For those who are not familiar, Me Too was a social movement started by American activist Tarana Burke in 2006. Its focus was going against sexual harassment, sexual abuse, and rape culture. In 2017, the movement gained a larger audience and attention after people started sharing their personal experiences on social media in response to actress Alyssa Milano.
This movie title, an obvious take on the Me Too movement, thinks it’s clever – but it’s not.
The entire trailer is an insult to every person who’s shared their stories and people who experienced the unfortunate and horrible comforting knowledge of knowing their struggles were not alone.

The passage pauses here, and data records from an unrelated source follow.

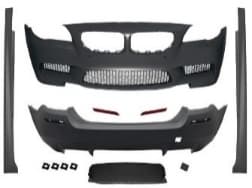 BMW 5-SERIE F10 LCI 10-16 BODY KIT COMPLETE BUMPER SET MET KOPLAMPSPROEIERS, PDC VOOR & ACHTER, 4-UITLAAT + SIDESKIRTS M5-STIJL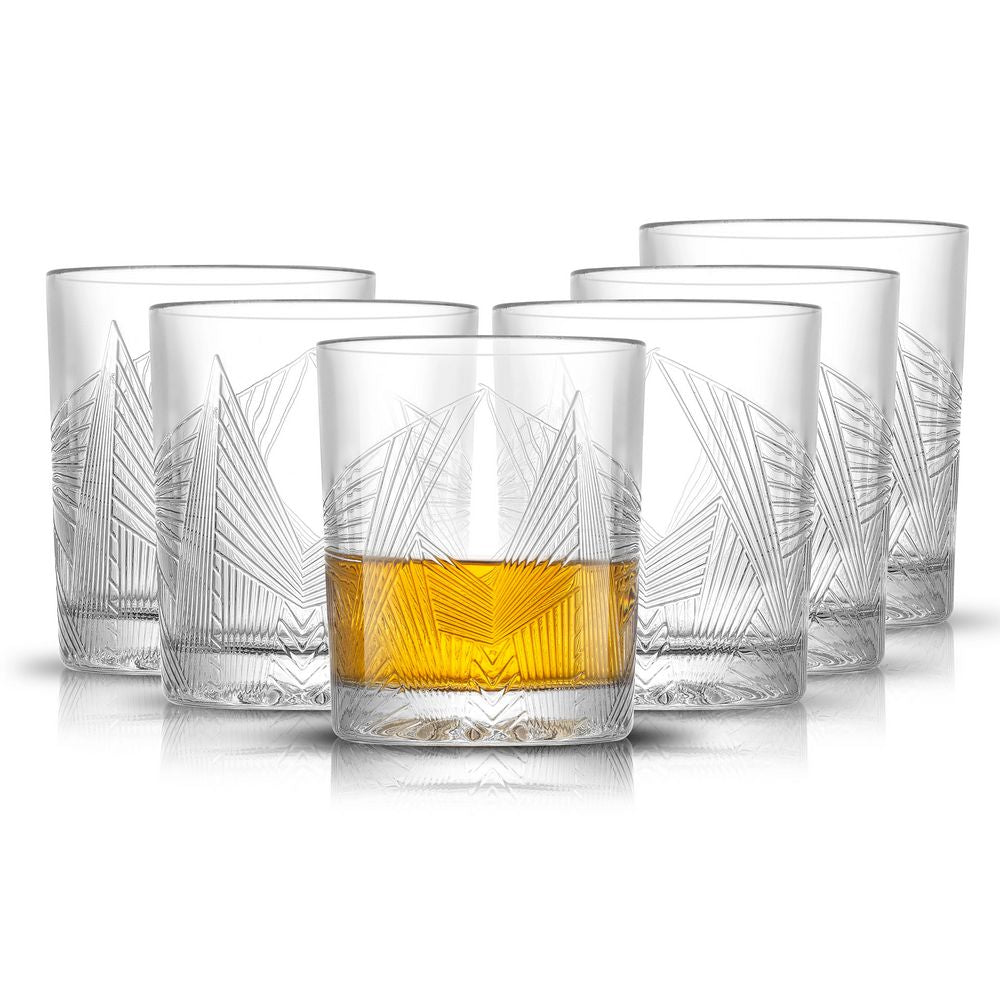 Gatsby Art Deco Whiskey Glasses - Sæt af 6 Whisky Glas - Whiskey Glas fra JoyJolt USA hos The Prince Webshop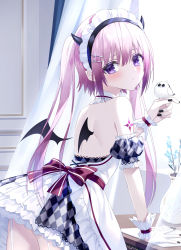 Rule 34 | 1girl, back, backless outfit, bare back, blush, bow, cropped legs, demon girl, demon horns, demon wings, dress, frilled dress, frilled hairband, frills, from behind, garter straps, hairband, highres, horns, kazunehaka, leaning forward, looking at viewer, nail polish, original, pink eyes, pink hair, shoulder blades, sidelocks, vase, waist bow, white dress, window, wings, wrist cuffs
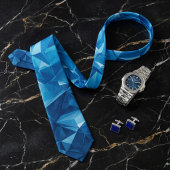 Blauw Geometrisch Gefacetteerd Kristal Stropdas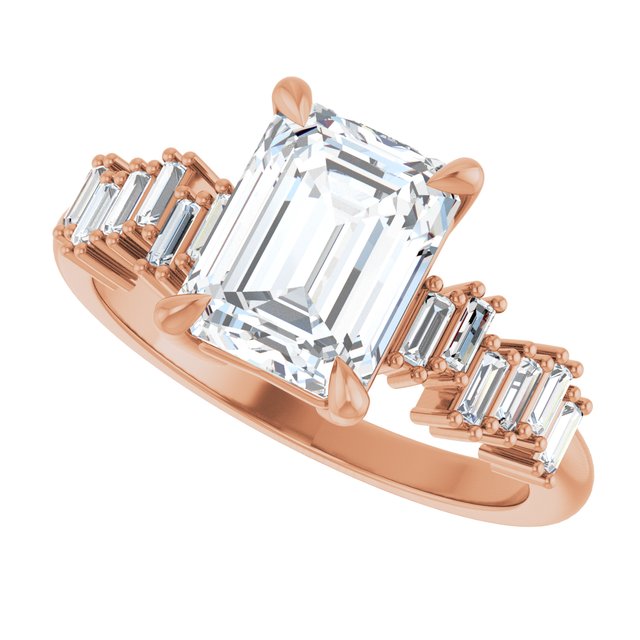 KALIA Solitaire Emerald Engagement Ring with Uneven Baguette Band - 18K Rose Gold - View 5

Lazy writing and a lack of creativity proves how easy it can be for men to flip the script and not just take up more space, but invalidate the strife of real people. If the team behind the movie was truly wanting to share with the audience the struggles facing masculinity, what was the need to ridicule women in that process? Is it impossible for other people to have problems? Or does the attention being shone on the gap in power, accessibility, and privilege make them insecure about its closure?
While a combination of the most fragile reasons results in movies like this, it carries forward the responsibility of the patriarchy to discontinue the process of unlearning misogyny and spreading awareness.
Agree with me? Boycott the movie, and demand better. Be mindful about where you spend your resources, whether that is time, energy, or money. There are better things out there worth it – like taking a nap, reading a feminist blog, or one of the biggest threats to the patriarchy – thriving. Most definitely not men who are incapable of not being tone-deaf or leveraging their privilege for a more equitable society.